In Table 6, the nowcasted figures of the Benchmark model and Speech model V-1 model are compared in terms of its proximity to flash estimates of GDP for 2017 and beyond. From this point of view, the benchmark model shows that the importance of indicators of real and survey groups cannot be denied. Then, it can be said that the contribution of the emotion indicators group to the real and survey groups is not very high, as expected, but it affects positively in terms of proximity to flash estimates.

In the Speech model V-1, the first factor, which represents the group of real indicators, is relatively more volatile and can be said to capture fluctuations in GDP. The second factor, which represents the group of survey indicators, is relatively more stable and can be said to capture the main trend in GDP. The third factor, which represents the emotion indicators group, is the factor with the highest volatility and represents the portion of GDP that cannot be captured by first and second factors. Three factors are respectively represented in Figure 2.

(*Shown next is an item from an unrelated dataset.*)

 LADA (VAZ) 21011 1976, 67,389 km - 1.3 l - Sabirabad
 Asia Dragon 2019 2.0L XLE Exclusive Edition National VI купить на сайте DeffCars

The variance decomposition (VD) indicates the amount of information each factor contributes to the GDP in the Speech model V-1 in Figure 3. It determines how much the forecast error variance of GDP can be explained by exogenous shocks to the three factors. The comparison between the Benchmark and the Speech model V-1 by VD analysis is useful to understand the effect of the emotion indicators group on the explained variance of the GDP. Although an effect as large as real and survey indicators is not expected, an acceptable forecast error variance explanation rate is desired from the factor of the emotion indicators group. Indeed, it is seen that the emotion indicators group explains small but important (approximately 5%) part of the forecast error variance of the GDP.

Impulse-response functions (IRF) are analysed in this study to describe the evolution of factors in reaction to a shock in the GDP. It measures the changes in the future responses of all factors in the DFM when the GDP is shocked by an impulse in one standard deviation unit. It is understood from r.h.s. of Figure 4 that the responses of first and second factors occur in a positive direction to one standard deviation impulse in the GDP as expected in the Speech model V-1. Also, the third factor shows a positive but small response of approximately 0.05 units. It should be noted that the responses of first and second factors in the Benchmark model are more complicated than the Speech model V-1.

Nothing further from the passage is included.